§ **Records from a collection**
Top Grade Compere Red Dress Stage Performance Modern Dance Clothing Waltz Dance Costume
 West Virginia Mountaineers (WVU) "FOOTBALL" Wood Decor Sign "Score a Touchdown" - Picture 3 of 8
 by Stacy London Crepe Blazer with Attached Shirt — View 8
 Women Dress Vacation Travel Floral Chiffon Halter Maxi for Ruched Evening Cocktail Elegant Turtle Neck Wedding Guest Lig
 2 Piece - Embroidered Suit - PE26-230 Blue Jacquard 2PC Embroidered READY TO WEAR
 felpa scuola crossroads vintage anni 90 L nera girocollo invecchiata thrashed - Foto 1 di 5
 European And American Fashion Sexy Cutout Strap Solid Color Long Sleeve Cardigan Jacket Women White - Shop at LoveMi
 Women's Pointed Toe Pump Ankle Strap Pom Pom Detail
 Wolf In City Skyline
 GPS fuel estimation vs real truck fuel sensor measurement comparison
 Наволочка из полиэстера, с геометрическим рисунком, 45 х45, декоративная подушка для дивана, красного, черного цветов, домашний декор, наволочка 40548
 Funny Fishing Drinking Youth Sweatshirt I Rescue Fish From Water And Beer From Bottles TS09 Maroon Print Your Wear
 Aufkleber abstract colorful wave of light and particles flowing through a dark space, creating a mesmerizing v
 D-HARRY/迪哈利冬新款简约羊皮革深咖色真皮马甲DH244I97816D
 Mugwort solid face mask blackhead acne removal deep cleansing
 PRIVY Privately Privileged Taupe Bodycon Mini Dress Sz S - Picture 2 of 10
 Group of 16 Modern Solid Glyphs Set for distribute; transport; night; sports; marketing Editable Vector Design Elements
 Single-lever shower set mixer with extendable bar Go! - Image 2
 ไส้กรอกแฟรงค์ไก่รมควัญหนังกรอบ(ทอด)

§ **WHAT IS REQUIRED**
The required answer is each line of the entries containing the string "Modern".

§ **RESPONSE**
Top Grade Compere Red Dress Stage Performance Modern Dance Clothing Waltz Dance Costume
 Group of 16 Modern Solid Glyphs Set for distribute; transport; night; sports; marketing Editable Vector Design Elements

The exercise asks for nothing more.